Most women are quick to let you know you’ve encroached on their verbal boundary by reacting to subliminal, off-the-cuff remarks like, “You look fantastic. Have you had work done?” or “You look really cute for a plus-sized woman.” You may not have meant to hurt their feelings, but you did.
Assaults can also take the form of non-verbal boundaries and can be as simple as rolling your eyes, or slamming the door–with and without their fingers in the jamb. People often do irreparable harm to people they love by blaming them for something they never even said. But, maybe they should have.

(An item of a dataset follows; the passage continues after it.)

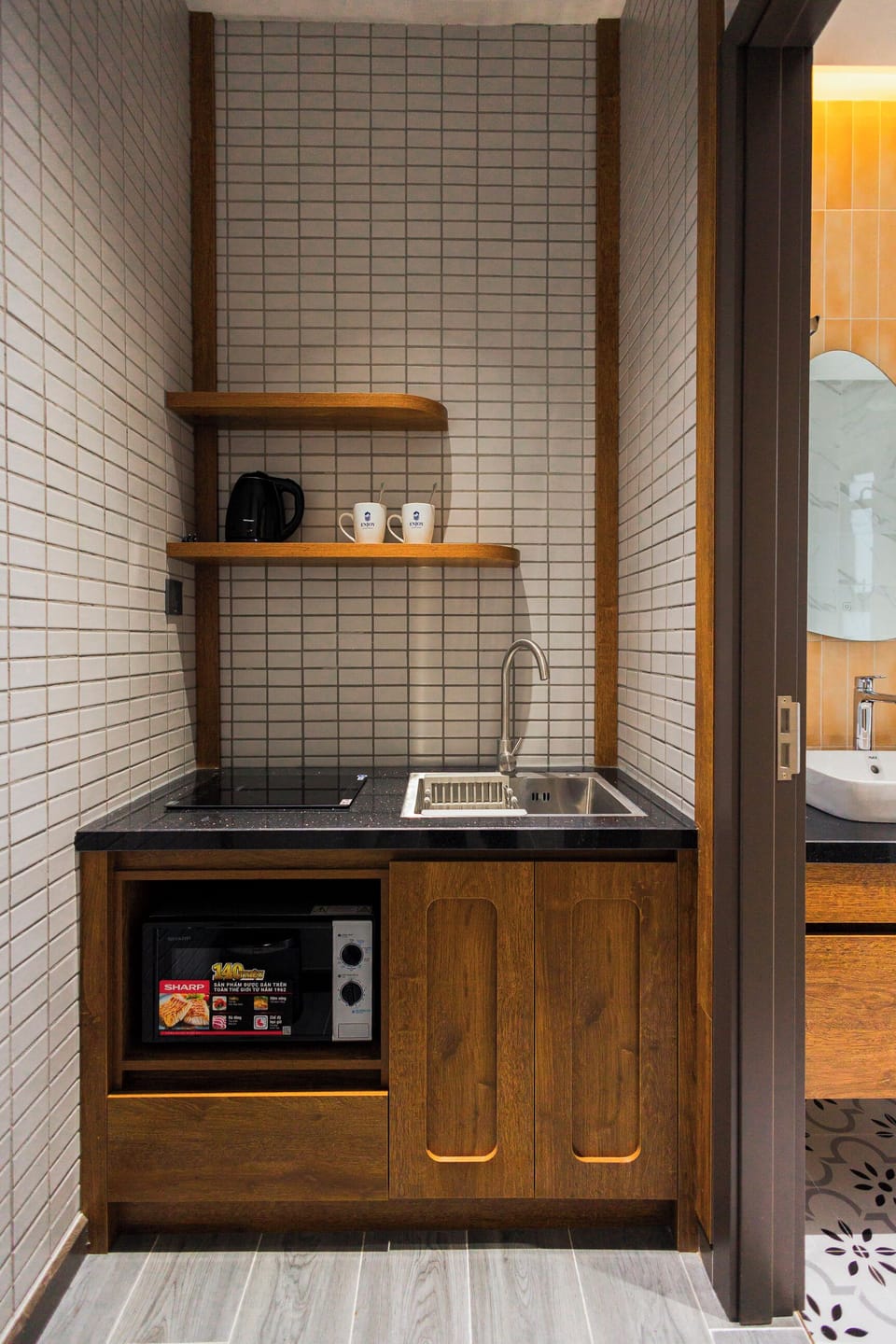 Standard Double Room | Private kitchen | Mini-fridge, microwave, oven, stovetop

The best way to counter someone assaulting your verbal space is to confront them face to face. If they respond with shallow insults, be prepared to protect your turf by coming back at them with well-tempered remarks like, “Yeah, and your mother wears army boots.” If that doesn’t work, leave the room and hide in the closet.
Second cousins to verbal boundaries are audible boundaries. Like the spoken word, audible boundaries are associated with an onslaught of objectionable sounds, noises and music–anything that invades your quiet space, like a chainsaw on Sunday morning, fingernails running down a blackboard or your dog licking his balls.
Before the invention of Sony Walkmans and iPods that allow you to hopelessly cling to your own personal space, loud music was a popular way to violate someone’s audible space. If you ticked off your next door neighbor for not returning your lawn mower, you could count on being deluged by the entire ABBA catalogue.
Audible boundaries can also be violated by a lack of sound — periods when you expect noise but hear only silence. Often called the silent treatment, these respites from clamor are meant to provoke responses and wound the victim during heated exchanges after all other attempts have failed. The silent treatment is particularly effective when combined with threats to withhold sexual favors by reversing sexual boundaries.
Closely related to violations of audible boundaries is passive aggressive behavior. It’s commonly used in marriages or other long-term relationships when one partner wants to stick to the other, without going to the lengths of inflicting physical pain: “Go ahead. Run over the dog with my car. See if I care!”
You don’t have to go far to see examples of economic boundaries. In the hours before the RMS Titanic went down, passengers were relegated to specific decks, according to their socioeconomic status. The 389 first class passengers lavished in fresh air on the spacious Promenade deck that boasted Turkish baths, a swimming pool, squash courts, colonic irrigation lounge and a variety of dining rooms. Everyone else lived below the water line, next to the cargo compartment and fire-belching boilers.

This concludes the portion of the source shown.